__Your objective__
Print, in exact form, the lines below from the one containing "MITUTOYO 7305A Dial thickness gauge (7305A)" through the one containing "Whiskey - Image 1", and omit all others.

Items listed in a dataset
□ □ □

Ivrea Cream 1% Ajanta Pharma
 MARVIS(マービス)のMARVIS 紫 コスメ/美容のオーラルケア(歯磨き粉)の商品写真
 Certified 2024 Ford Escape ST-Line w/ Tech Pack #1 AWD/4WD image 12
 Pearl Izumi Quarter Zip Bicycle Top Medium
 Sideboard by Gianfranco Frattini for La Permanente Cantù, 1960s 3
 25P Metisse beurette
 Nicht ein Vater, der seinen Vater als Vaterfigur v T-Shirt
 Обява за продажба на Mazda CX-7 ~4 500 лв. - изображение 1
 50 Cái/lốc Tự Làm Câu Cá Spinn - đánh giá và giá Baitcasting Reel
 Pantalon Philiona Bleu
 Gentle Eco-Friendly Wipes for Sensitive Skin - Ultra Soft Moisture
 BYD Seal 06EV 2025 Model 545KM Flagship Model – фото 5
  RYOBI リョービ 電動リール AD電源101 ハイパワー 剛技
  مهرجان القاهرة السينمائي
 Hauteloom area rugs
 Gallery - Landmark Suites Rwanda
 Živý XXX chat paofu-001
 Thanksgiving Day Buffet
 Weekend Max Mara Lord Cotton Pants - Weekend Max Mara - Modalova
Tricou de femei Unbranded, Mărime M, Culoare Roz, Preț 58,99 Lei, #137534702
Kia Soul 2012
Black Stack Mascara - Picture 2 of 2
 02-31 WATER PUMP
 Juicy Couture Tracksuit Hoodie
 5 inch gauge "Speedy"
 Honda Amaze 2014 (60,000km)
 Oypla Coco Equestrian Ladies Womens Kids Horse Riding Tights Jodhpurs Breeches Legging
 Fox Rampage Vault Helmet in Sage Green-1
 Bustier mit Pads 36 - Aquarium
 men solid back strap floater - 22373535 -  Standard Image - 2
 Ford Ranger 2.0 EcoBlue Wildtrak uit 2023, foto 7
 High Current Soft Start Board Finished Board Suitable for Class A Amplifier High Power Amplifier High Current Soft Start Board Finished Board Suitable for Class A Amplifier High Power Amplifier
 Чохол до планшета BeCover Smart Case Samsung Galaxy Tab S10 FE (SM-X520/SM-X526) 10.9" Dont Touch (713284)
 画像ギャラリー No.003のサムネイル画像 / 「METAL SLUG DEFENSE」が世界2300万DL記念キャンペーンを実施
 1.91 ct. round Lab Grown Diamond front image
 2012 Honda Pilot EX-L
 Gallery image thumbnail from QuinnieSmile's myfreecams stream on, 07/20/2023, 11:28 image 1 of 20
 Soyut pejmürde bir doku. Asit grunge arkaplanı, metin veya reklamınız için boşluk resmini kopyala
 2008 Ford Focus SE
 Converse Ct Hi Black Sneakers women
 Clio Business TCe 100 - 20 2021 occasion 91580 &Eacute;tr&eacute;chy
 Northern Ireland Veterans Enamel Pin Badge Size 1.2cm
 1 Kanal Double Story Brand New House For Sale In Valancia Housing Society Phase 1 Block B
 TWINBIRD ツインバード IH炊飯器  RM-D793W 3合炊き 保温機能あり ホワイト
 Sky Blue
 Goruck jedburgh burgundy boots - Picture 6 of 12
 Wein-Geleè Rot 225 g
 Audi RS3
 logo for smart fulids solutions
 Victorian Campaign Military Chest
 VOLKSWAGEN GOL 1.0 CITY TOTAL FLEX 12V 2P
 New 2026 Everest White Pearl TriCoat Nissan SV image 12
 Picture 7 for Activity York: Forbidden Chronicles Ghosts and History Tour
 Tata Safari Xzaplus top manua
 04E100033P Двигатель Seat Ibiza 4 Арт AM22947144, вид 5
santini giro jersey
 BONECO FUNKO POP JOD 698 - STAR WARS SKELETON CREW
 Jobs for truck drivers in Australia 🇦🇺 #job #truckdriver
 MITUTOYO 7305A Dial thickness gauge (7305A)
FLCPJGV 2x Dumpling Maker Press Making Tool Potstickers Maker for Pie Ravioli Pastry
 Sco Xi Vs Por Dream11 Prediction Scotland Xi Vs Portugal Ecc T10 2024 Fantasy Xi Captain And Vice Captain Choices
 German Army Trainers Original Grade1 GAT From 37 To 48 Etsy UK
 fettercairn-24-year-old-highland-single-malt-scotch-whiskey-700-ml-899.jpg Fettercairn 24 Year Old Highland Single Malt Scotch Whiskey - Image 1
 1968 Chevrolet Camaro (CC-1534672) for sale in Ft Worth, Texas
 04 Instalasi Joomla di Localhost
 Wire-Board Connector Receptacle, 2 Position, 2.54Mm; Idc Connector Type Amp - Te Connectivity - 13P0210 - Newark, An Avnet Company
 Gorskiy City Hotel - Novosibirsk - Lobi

□ □ □

__Reply to the exercise__
 MITUTOYO 7305A Dial thickness gauge (7305A)
FLCPJGV 2x Dumpling Maker Press Making Tool Potstickers Maker for Pie Ravioli Pastry
 Sco Xi Vs Por Dream11 Prediction Scotland Xi Vs Portugal Ecc T10 2024 Fantasy Xi Captain And Vice Captain Choices
 German Army Trainers Original Grade1 GAT From 37 To 48 Etsy UK
 fettercairn-24-year-old-highland-single-malt-scotch-whiskey-700-ml-899.jpg Fettercairn 24 Year Old Highland Single Malt Scotch Whiskey - Image 1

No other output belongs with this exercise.